Una tarde de octubre caminaba en Queens hacia una de las últimas estaciones elevadas del tren 7 para dirigirme a Manhattan, luego de salir de una de las muchas imprentas que funcionan en un área con pocos vecinos y repleta de viejos depósitos.

Se acercaba la noche y como todos los octubres, el cielo estaba opaco, lo que hacía aún más lúgubre el lugar, que de por sí lo es, dado su aspecto portuario, tenebrosamente desolado.

De repente un patrullero de NYPD (New York Police Department) salió de la nada, redujo la velocidad, uno de los agentes bajó el cristal y me miró. Giró en la siguiente esquina, vino por la otra vía próxima a Court Square y desapareció.

A los pocos minutos regresó cuando empezaba a ascender por la escalinata; el agente bajó de nuevo el cristal y me preguntó en inglés: “¿Todo bien?
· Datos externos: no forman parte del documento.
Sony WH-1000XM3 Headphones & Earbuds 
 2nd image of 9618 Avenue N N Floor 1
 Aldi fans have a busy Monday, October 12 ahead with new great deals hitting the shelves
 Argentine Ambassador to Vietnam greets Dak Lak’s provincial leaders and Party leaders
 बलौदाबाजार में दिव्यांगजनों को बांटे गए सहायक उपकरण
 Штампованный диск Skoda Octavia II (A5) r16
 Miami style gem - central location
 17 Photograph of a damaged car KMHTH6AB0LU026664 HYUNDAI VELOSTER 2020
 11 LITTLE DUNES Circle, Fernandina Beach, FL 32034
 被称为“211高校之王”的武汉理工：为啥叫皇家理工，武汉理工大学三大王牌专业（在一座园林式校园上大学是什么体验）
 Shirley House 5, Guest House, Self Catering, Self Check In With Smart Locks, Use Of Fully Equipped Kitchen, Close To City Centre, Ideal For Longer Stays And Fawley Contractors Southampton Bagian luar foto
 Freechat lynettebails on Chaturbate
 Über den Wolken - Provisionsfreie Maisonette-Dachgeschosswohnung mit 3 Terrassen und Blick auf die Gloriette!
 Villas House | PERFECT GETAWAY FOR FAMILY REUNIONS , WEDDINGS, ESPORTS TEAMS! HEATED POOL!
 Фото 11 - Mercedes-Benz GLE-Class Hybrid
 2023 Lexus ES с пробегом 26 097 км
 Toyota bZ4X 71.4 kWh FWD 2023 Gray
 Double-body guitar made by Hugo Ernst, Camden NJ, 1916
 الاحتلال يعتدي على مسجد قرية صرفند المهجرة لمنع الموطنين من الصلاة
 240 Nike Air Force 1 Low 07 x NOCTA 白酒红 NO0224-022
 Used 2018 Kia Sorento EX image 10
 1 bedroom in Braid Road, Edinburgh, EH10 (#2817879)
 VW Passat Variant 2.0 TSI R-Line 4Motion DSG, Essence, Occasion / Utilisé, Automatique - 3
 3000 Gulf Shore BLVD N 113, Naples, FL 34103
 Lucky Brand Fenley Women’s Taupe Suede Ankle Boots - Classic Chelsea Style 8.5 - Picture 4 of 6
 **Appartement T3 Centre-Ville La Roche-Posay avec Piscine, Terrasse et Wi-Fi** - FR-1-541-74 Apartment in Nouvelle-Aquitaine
Todo bien, le respondí y seguí mi camino.
Asumo que los oficiales querían asegurarse de que estuviera a salvo caminando en aquel ambiente solitario, dado que vestía de traje y cargaba un maletín de cuero.

Lo narrado sucedió durante la gestión del alcalde Michael Bloomberg, un multimillonario que quiso dirigir la ciudad más movida de los Estados Unidos, sólo por aportar a su sociedad y dejar un legajo en la función pública.

La ciudad ya venía de una impresionante recuperación de su seguridad bajo la administración de Rudy Giuliani, un ex fiscal federal con fama de duro, la que demostró con los hechos, desmantelando la parte gruesa de la estructura criminal de la mafia neoyorquina, enviando a la cárcel hasta su muerte a delincuentes del calado de un John Gotti.

Lo sucedido posteriormente con Giuliani, al convertirse en apañador legal de las tropelías de Donald Trump, es marginal y en nada empaña su brillante pasado de funcionario eficiente.

El relato busca llamar la atención de mis amigos que sirven en la joven administración de Eric Adams, sobre el estereotipo que se ha instalado en la mente de muchos neoyorquinos, conforme a la cual durante las direcciones demócratas suele dispararse la criminalidad, supuestamente debido a que éstos son flojos.

Y más aún, remachan la visión discriminatoria lapidando a los ejecutivos afrodescendientes, cuya primera experiencia, utilizada para exponer una fuerte acentuación de desprecio, recae sobre David Dinkins, una sindicatura en que cual, ciertamente, la seguridad en la ciudad de Nueva York colapsó.

Dinkins, abogado de prestigio, no supo lidiar con esa problemática, no porque fuera negro o demócrata, sino quizá por falta de carácter.

Adams conoce bien esa narrativa, y habiendo sido oficial de la policía pudiera tener cierta ventaja al manejar el intrincado problema.